Listening is a skill, but certainly a skill we can learn if we are actually willing to listen. The questions we ask are critical to our success and the success of others – will we be able to ask the right question at the right time? Again the right question is always the disruptive question.
How do we begin to ask better questions? Listening is the key to asking questions that will disrupt the thoughts of others. What have they said, do you understand what they have said or do you need to ask more questions to gain clarity? What have they not said? … Ask yourself why they have not said, what you thought they would say and question the possibility of what they have not said. Remember don’t ask judgemental questions, be empathetic and allow the other person to realise you have noticed them. This process will disrupt their thoughts and cause them to think deeper about what they have been saying. Real communication exists at the point where we are able to disrupt superficial thinking, so that others may begin to think about why, how and what they have said.
Simply by listening you will be noticing and showing the other person you care, trust will develop quicker and you may have just gained a real friend for life. Every moment we have is precious – use your moments wisely.
The Three Questions we should all be asking …
Seth Godin gives us this set of blueprint-questions about gaining attention and relevance:
Who are you challenging or disrupting??
Whose apple cart are you upsetting? If you’re following the rules just like everyone else, you will need to understand that this means you are just like everyone else. Thus if you are looking for attention and relevance, you will need to make some new, status quo-challenging decisions and changes if your desire is to be a leader.
Who are you connecting with?
Find your passion, and you’ve discovered your purpose.
Once you’ve discovered your passion and you’ve challenged/disrupted some (or many!) people, ask: Who am I connecting with? Secure and build on the relationships by making them feel important. People have a deep need to feel missed in their absence — confirming they do indeed belong.
Your job then, as a leader, is to connect with them effectively and then tell them you miss them when they don’t show up and participate.
Who are you leading?
Know the people you are serving.
Through your conversations, connections and communications with those who follow you, you will be able to pick up on their needs in detail if you listen with intention. In turn, they will respond to the feeling of being listened to you by giving you the relevant attention and relevance.
People are waiting for you to show up in your uniqueness and show them where to go next and that is leadership.
When think about leadership we start asking …
The Leadership Question
What question would you ask a leader? Would you ask any of the following questions … Why is there such a shortage of leaders? Why don’t we see examples that we can truly follow in the leaders around us? Why are leaders corrupt? Why do leaders seemingly only think of themselves?
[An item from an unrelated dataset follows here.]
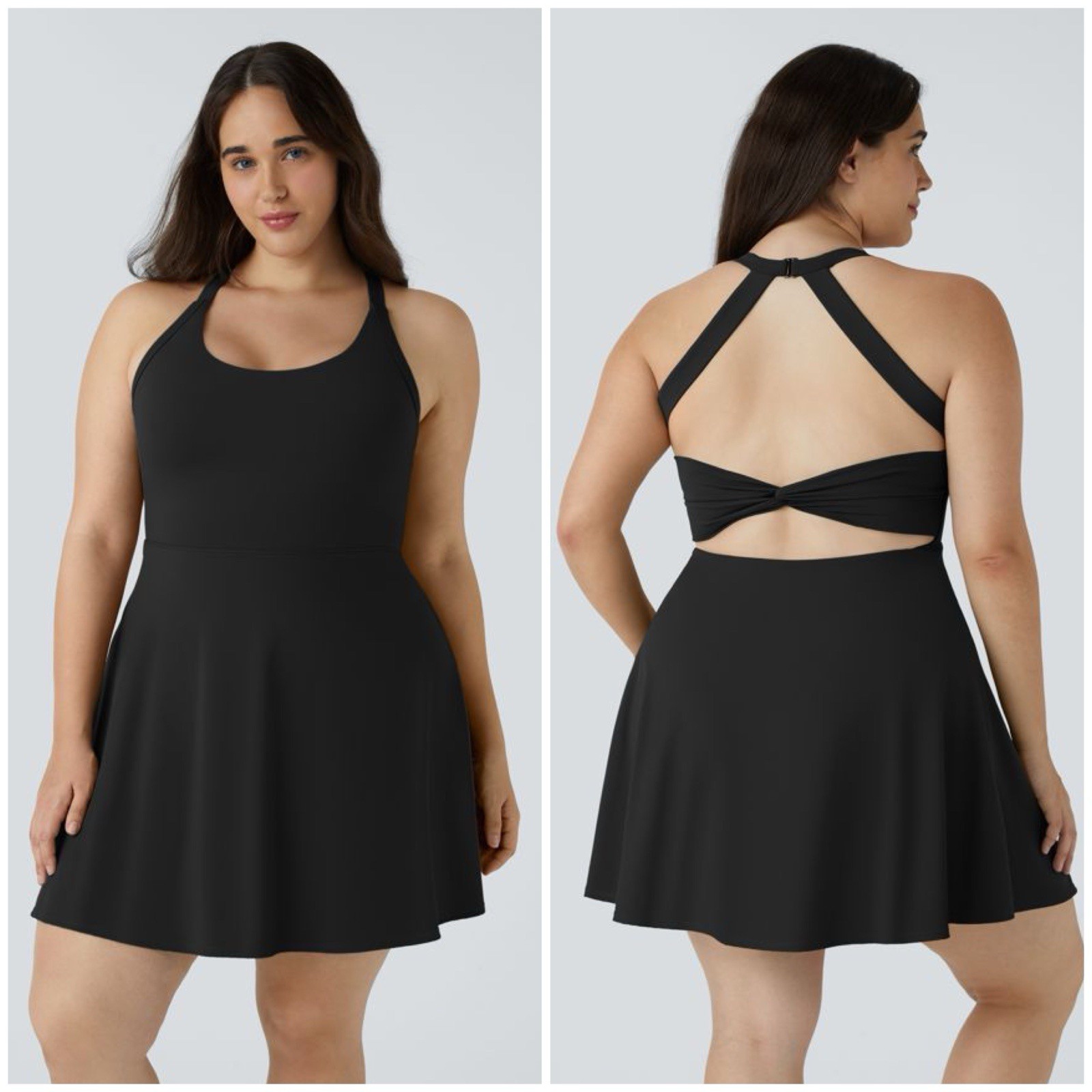 Halara Backless Cut Out Twisted Side Pocket 2-in-1 Mini Barre Ballet Dance Dress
The above questions are some of the typical questions people ask on a daily basis about leadership. But these are not the only questions that get asked. The other questions are what are known as ‘How’ and these are questions asked by people who observe the problem and wonder how the problem can be resolved. They ask … How can we identify leaders? How can we develop people into leaders? How can we encourage better leadership? However, there is one ‘how’ question that stands out and is different from the others. The question is … How can I make a difference?
When we get caught in the trap of thinking the problem is someone else’s, we tend to ask the ‘Why’ and not the ‘How’ type of questions. When we realise that leadership is our responsibility, and only we can make a difference, we start asking How can I make a difference? What can I do, even in a small way to make a difference?
In fact the only ‘Why’ question you should ever ask yourself is … Why should I be making a difference? The answer is simply we were ‘all’; called to make a difference in the lives of others.